Available records:
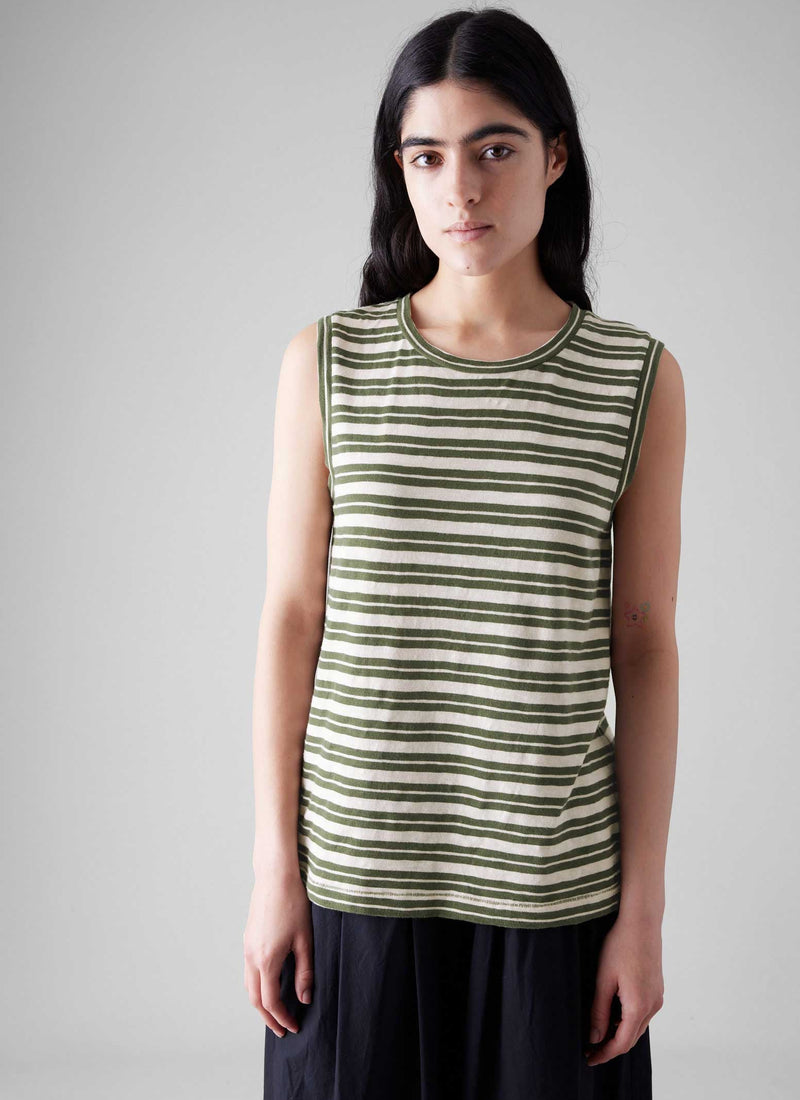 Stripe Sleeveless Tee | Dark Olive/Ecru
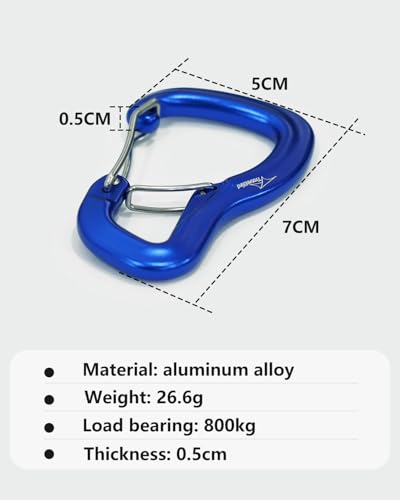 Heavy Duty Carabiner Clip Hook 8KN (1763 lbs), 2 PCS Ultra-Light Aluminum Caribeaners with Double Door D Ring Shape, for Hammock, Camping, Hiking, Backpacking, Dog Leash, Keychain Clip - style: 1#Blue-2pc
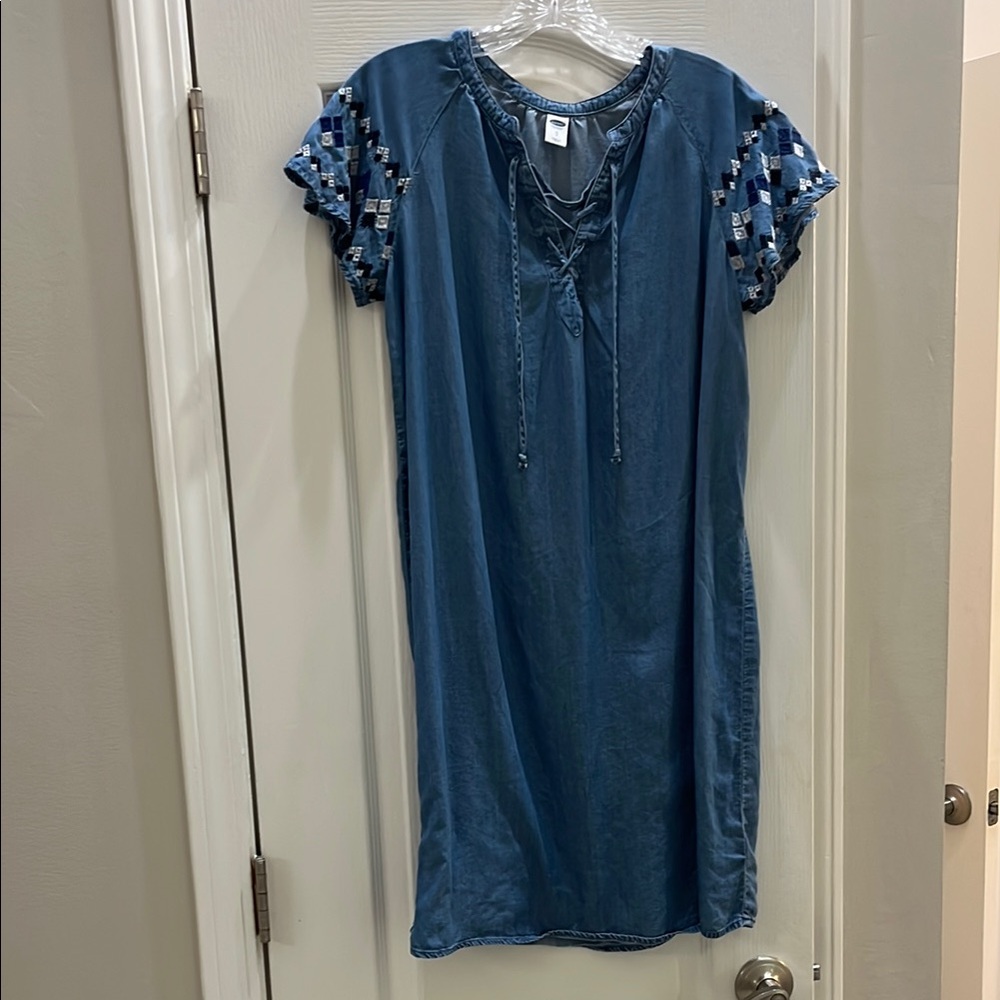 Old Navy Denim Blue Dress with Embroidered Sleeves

==

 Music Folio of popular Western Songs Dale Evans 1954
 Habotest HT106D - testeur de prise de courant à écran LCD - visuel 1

What needs to be done: Go back to the listing above and write out the lines starting at the one with "Stripe Sleeveless Tee | Dark Olive/Ecru" and ending at the one with "Old Navy Denim", inclusive, exactly and without pictures.

Result of the exercise:
 Stripe Sleeveless Tee | Dark Olive/Ecru
 Heavy Duty Carabiner Clip Hook 8KN (1763 lbs), 2 PCS Ultra-Light Aluminum Caribeaners with Double Door D Ring Shape, for Hammock, Camping, Hiking, Backpacking, Dog Leash, Keychain Clip - style: 1#Blue-2pc
 Old Navy Denim Blue Dress with Embroidered Sleeves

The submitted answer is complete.